Cass was watching Alison as she walked away. “Yeah,” he said, and spat upon the ground. “You know, we should of listened to Ike,” he said. “Should of burned it when we had the chance. Should of burned the whole goddamned town.”
The gin, unlike the buildings in the yard, bore no signs of the violence that had once howled around it. The breastworks to its front were still evident, however—worn and grassy now—and the ditch had not been filled in save by weeds and the wash of rains. The winter sun lay kindly upon it, and the visitors could smell the warm boards, the cotton lint, the grease of the machinery.
When Cass and Lucian arrived, Alison had already crossed over. The two men joined her in the field and regarded the ditch and the old breastworks behind it. In the works was a worn place bowed deep like a Mexican saddle. This had been a gun embrasure, and from its relationship to the gin house, the two companions discerned, as nearly as they could, the shore upon which they had dashed themselves twenty years before.
Lucian turned away from Alison and drank a little from his amber bottle and wiped his mouth. He pointed to the embrasure. “That’s where that gun was, the one that—”
“I know which one it was,” said Cass. “You are taking too much medicine.”
“Would you like some?” said Lucian.
“I got my own,” said Cass, patting his coat pocket.
For a moment they were silent, as if waiting for some dreadful thing to happen, but there was only the quiet morning, the meadowlarks, a dove cooing in the rafters of the gin. Nothing to hurt, just as the old man had said.
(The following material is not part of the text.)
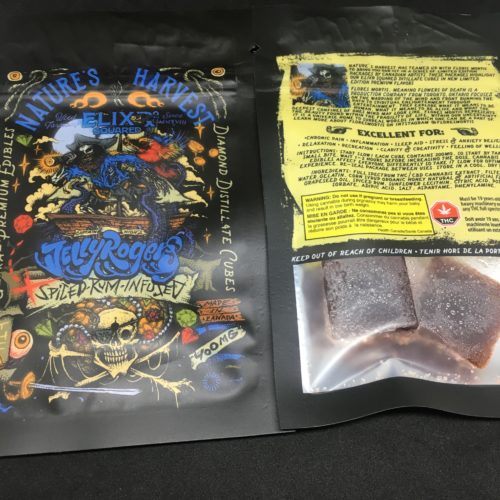 spiced rum gummy 400mg natures harvest scaled - #5 Vibe Deal (Indica) Weed Delivery Toronto - Cannabis Delivery Toronto - Marijuana Delivery Toronto - Weed Edibles Delivery Toronto - Kush Delivery Toronto - Same Day Weed Delivery in Toronto - 24/7 Weed Delivery Toronto - Hash Delivery Toronto - We are Kind Flowers - Premium Cannabis Delivery in Toronto with over 200 menu items. We’re an experienced weed delivery in Toronto and we deliver all orders in a smell-proof, discreet package straight to your door. Proudly Canadian and happy to always serve you. We offer same day weed delivery toronto, cannabis delivery toronto, kush delivery toronto, edibles weed delivery toronto, hash delivery toronto, 24/7 weed delivery toronto, weed online delivery toronto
Lucia
n went down into the ditch and sat in the dead grass, moving his hand over it as if searching for a lost coin. “Well, it is not what I expected somehow,” he said.
“What did you expect?” said Cass.
“I don’t know. A monument, maybe. It is only a farm now. Only a ditch.”
Cass knelt down among the cotton stalks and looked about him. There was the roofline of the gin house against the sky, and the image settled perfectly into memory. Cass heard the groaning of winter trees, the rattle of their branches. Alison called his name, but Cass didn’t answer. Lucian looked up from the ditch, his face gone pale. The dove had flown, and in its place a big crow lit on the roof of the gin and watched them. They had come a long way to this place the first time, and even longer now, but no matter. For all time’s turning, nothing important had changed; they still could not move forward, and they could not run away.
Cass took out his flask and drank. Here was I, once, he thought. Here am I, again.
12
THE SUN WAS FALLING. LONG STREAKS OF PURPLE crossed the sky to the west, and the landscape was all red and amber. The soldiers had arranged themselves in long lines-of-battle, and Lucian sat on the porch of the great brick house and watched them move away. He watched until the last of them passed into the wood, then hopped off the edge of the porch and followed, though Cass had told him not to, saying, had, you have come far enough for today. Go sit on the gallery yonder—you can help when the hurt men came back. Go on, now—and don’t you move from this spot. Cass had told him not to follow, but Lucian followed just the same. The drums were beating, and off to the left a band was playing—the first band Lucian had ever heard, so that he did not know to call it a band. He did not know to call it music even. He knew singing, but he had never heard sounds put together in such a metallic way as this.